Unnamed: 0,product_id,product_name,month,total_sold,previous_month_sold
0,490,Bold Boxy Shoes,2025-05,12,14
1,445,Bold Cotton Set,2025-05,10,20
2,474,Bold Cotton Shoes,2025-05,7,9
3,452,Bold Crew Dress,2025-05,8,9
4,454,Bold Crew Set,2025-05,4,12
...,...,...,...,...,...
328,158,Vintage Sleeveless Dress,2025-05,2,3
329,201,Vintage Sleeveless Tee,2025-05,7,12
330,201,Vintage Sleeveless Tee,2025-06,3,7
331,215,Vintage Sleeveless Trousers,2025-06,1,7


### ✅ **Which products are in stock but haven’t sold recently?**

Goal:
Identify products with stock available but no sales in the last 90 days.

Explanation:

*   Filters stock for products with positive quantity.

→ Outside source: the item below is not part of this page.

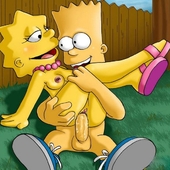 Lisa_Simpson The_Simpsons // 575x576 // 71.2KB // jpg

*   Excludes those sold in the last 90 days using a subquery.

*   Useful to detect potentially dead inventory.

In [54]:
query = """
SELECT
    p.product_id,
    p.product_name,
    s.stock_quantity,
    s.country
FROM
    stock AS s
JOIN
    products AS p ON s.product_id = p.product_id
WHERE
    s.stock_quantity > 0
    AND p.product_id NOT IN (
        SELECT DISTINCT si.product_id
        FROM sales_items AS si
        JOIN sales AS sa ON si.sale_id = sa.sale_id
        WHERE sa.sale_date >= date('now', '-90 day')
    );
"""
result = pysqldf(query)
result

Unnamed: 0,product_id,product_name,stock_quantity,country
0,465,Bold Boxy Set,42,France
1,465,Bold Boxy Set,1,Germany


### **Conclusion**

This sales analysis provided actionable insights into the store’s product performance by answering business-critical questions through structured SQL.